Designing Your Board

The board is where you describe what you're building. It is also the work queue, so there is no separate backlog to keep in sync. This page covers building and organizing that structure.

The canvas

The board is a pannable, zoomable canvas rendered with Vue Flow. As you zoom, the canvas uses semantic level-of-detail rendering: high-level frames stay legible when zoomed out, and detail appears as you zoom in. Service frames are resizable. Drag a frame's border to set its size, or leave it to auto-size from its contents.

Navigating: navbar and command bar

The left rail is a navbar grouped into Create, Repositories, Integrations, Workspace context (the prompt-fragment library), and Configuration. You don't drag blocks or pipelines from a palette. Instead, a command bar (open with ⌘K / Ctrl-K) is the launcher for creating blocks and building pipelines.

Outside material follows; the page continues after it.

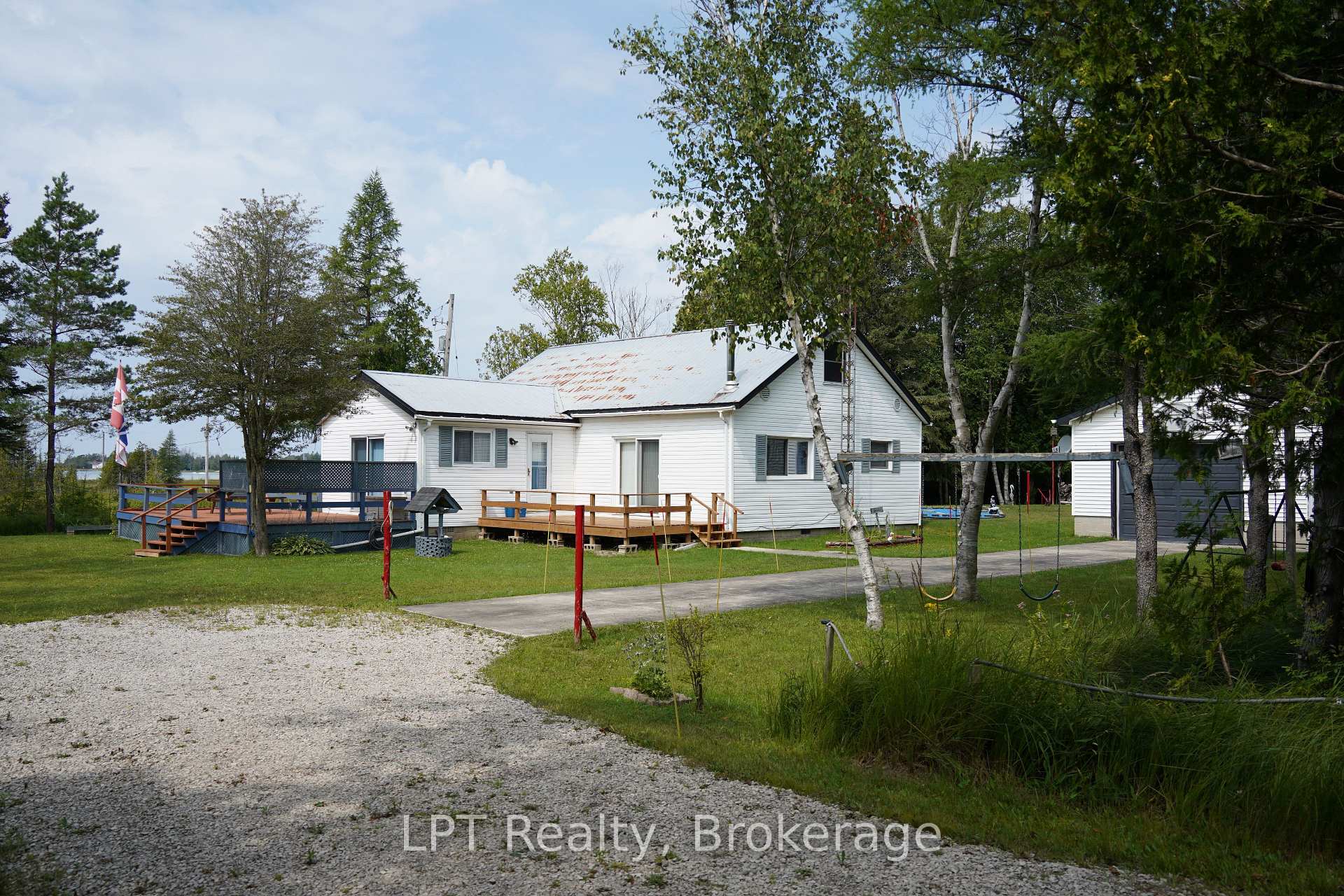 Photo 4 of 621 Huron Road, South Bruce Peninsula — HOMEH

The board toolbar adds an Add service menu to mount a shared service from your org, and a service frame offers Add task and Add recurring pipeline.

Configuration holds two workspace-wide settings panels:

  • Default models - pick a default model per agent kind (see Assigning models).
  • Merge thresholds - manage the merge-threshold presets the Merger step uses to decide auto-merge vs. raising a review.

The three levels

Build top-down using the block hierarchy:

  1. Frames (services) - one per deployable service, usually linked to a repository.
  2. Subframes (modules) - major areas inside a service.
  3. Leaves (tasks) - concrete, agent-sized units of work.

Sizing tasks

A task should be something an agent can implement and land in a single pull request. If a leaf feels like it spans several PRs, split it into sibling leaves.

Adding and editing blocks

  • Create a block from the command bar (⌘K) or the per-frame Add task / Add module controls, at the level you need.
  • Edit its title, description, status, chosen pipeline, prompt fragments, and merge-policy preset in the inspector.
  • Reparent by dragging a block onto a new parent, which is useful as your design evolves. Moving a task into another service's frame re-homes it onto that service.
  • Delete a block to remove it. Deletion cascades to its children, so deleting a service removes its modules and tasks too.

Dependency edges

Draw dependency edges between blocks to capture ordering and relationships. Edges are a first-class part of the design, not visual garnish: they communicate intent to your team and inform how work is sequenced.

Linking a repository

A service frame typically maps to one Git repository. You have three options:

  • Link an existing repository the GitHub App can access.
  • Bootstrap a new repository from a reference architecture (Cat-Factory creates the repo and force-pushes the template, then the service frame materializes on the board).
  • Reconcile an existing repo's structure onto the board with service blueprints.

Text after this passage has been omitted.